I hammered down the motorway to Taunton to be met by a very sceptical professional bee keeper, with 300 commercial hives. He was not impressed either by my knowledge (scanty) nor our methods. Armed only with Robin's confidence and knowing he was on his way, I took the large wooden box with several thousand cross hungry bees. They had been taken out of their hive only hours earlier, one they'd had no intention of leaving just yet. The queen was captured in a little plastic cage for her own safety. I drove back much more carefully with mad thoughts of accidents and large numbers of angry bees.
Safely home, Robin, with me watching, tapped the box to encourage the bees down to the bottom, then quickly lifted the lid and unhooked the queen's cage. We broke the tab securing her with the intention of wrapping newspaper around the hole it left, but she escaped! Oh no! But Robin managed to grab her, put her back and then we wrapped the paper round. The idea was to protect her for the time it took the bees to eat their way through the paper, by which time, accustomed to her smell, they will accept and not kill her. She was hooked onto a top bar in the top box of my Warre hive.
Next another box from my hive was turned with the top bars facing downwards and put as the bottom box of the hive. The box of bees was then tapped again, the lid taken off and the bees shaken into the upturned hive box. With the majority in, the top hive box and roof were quickly put in place. The remaining bees were encouraged out of the box by shaking and bees started to collect around the hive entrance 'fanning'. This is a sign to the others of a new home. Gradually the last stragglers went inside.
On the beekeeper's instructions, I fed the bees, using a mixture of 2lbs sugar to a pint of water in an upturned jamjar with small holes in the lid placed above the bees in the insulation box, and also closed the entrance overnight. [Edited to add: please see 'Note to Readers' in second comment below about feeding sugar to bees.]

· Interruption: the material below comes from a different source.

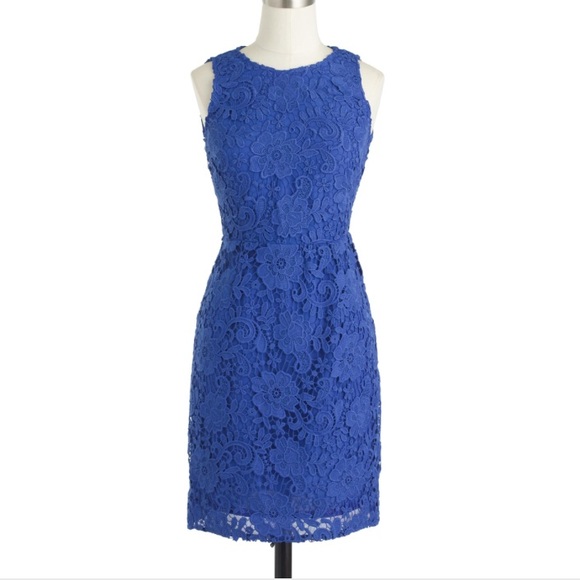 Blue Lace Sheath Dress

Pleasingly they were still there in the morning. A few days later Dave helped me turn the upturned hive box the right way, and add two more, meanwhile also adding handles. So many thanks to Dave.
With good weather for two out of the first three days the bees took very little of the feed. A week later it is almost gone, but they have now built themselves their first three honeycombs which is wonderful to see. Thanks so much to Robin for making all this possible.
2 comments:
Congratulations Jenny, I'm pleased to see they're settling in!
Regards
Nick
Great post Jenny, many thanks and please keep us all updated as things develop.
It was a great learning experience for me too as I'd never loaded a package of bees into a hive - it was easier than we feared but I apologise for giving you kittens when I played butterfingers with the queen!!!
NOTE TO READERS: Jenny was advised to feed the bees only because they were a package. Please do NOT fed a swarm as they planed to leave their hive and stocked up on honey before leaving. A package is different. They are pulled out of the hive by the selling beekeeper so are totally unprepared to set up a new home - quite barbaric really as well as expensive.
As a sustainable/natural beekeeper you learn to do all you can to prevent feeding sugar to your bees - better leave them more of their own honey, after all they made it for themselves! Sugar's not a natural substance for them to eat so we only give it in emergencies. If you must feed sugar then use cane, not beet, sugar - Tate & Lyle usually mark the type on their packets - pesticides are used in British cane sugar production! For summer/autumn feed emergencies use a 1 pint water to 1 lb sugar mix (1 litre to 1 Kg).